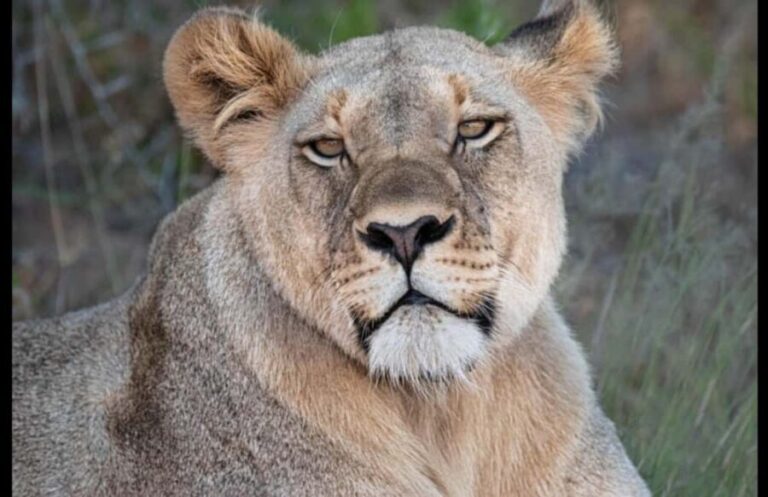 Addo Wildlife Reserve Sunset Safari +Bush Dinner :Gqeberha - Practical Details and What to Expect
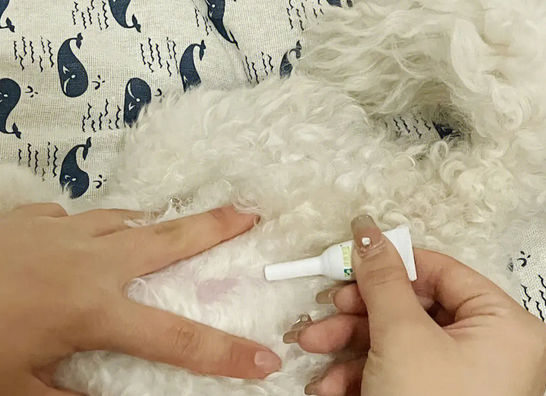 晚上可以给狗狗体外驱虫吗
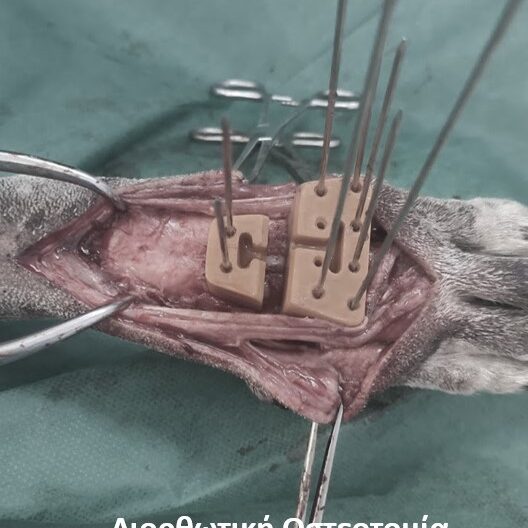 bio3Dvet_Veterinary_Custom Made Surgical Guides_3D Printing_Bioengineering_Advanced Veterinary Services_Κτηνιατρική_Εξατομικευμένοι Χειρουργικοί Οδηγοί_Τρισδιάστατη Εκτύπωση_Εμβιομηχανική_Προηγμένες Κτηνιατρικές Υπηρεσίες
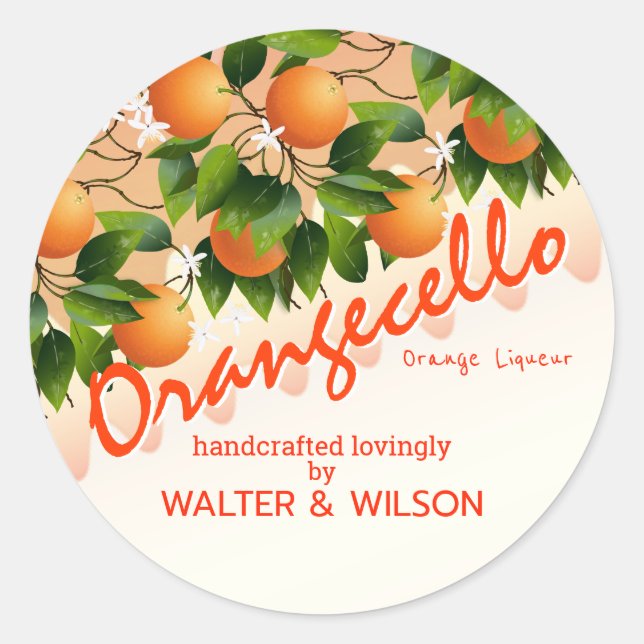 Modern Orangecello Orange Classic Round Sticker (Front)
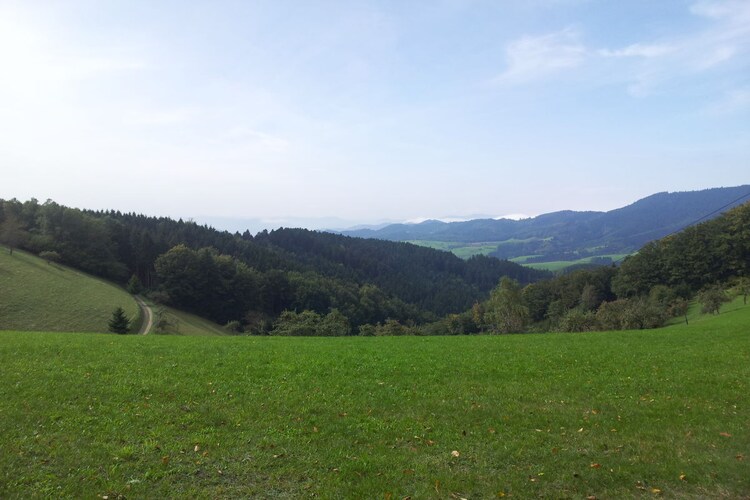 Vakantiehuis in Oberharmersbach, foto 9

++++++++++

• TASK OBJECTIVE: Return the material from the line containing "bio3Dvet_Veterinary_Custom Made Surgical" through the line containing "Modern Orangecello Orange", exactly and in full, but without its pictures.

• ANSWER TO THE EXERCISE:
 bio3Dvet_Veterinary_Custom Made Surgical Guides_3D Printing_Bioengineering_Advanced Veterinary Services_Κτηνιατρική_Εξατομικευμένοι Χειρουργικοί Οδηγοί_Τρισδιάστατη Εκτύπωση_Εμβιομηχανική_Προηγμένες Κτηνιατρικές Υπηρεσίες
 Modern Orangecello Orange Classic Round Sticker (Front)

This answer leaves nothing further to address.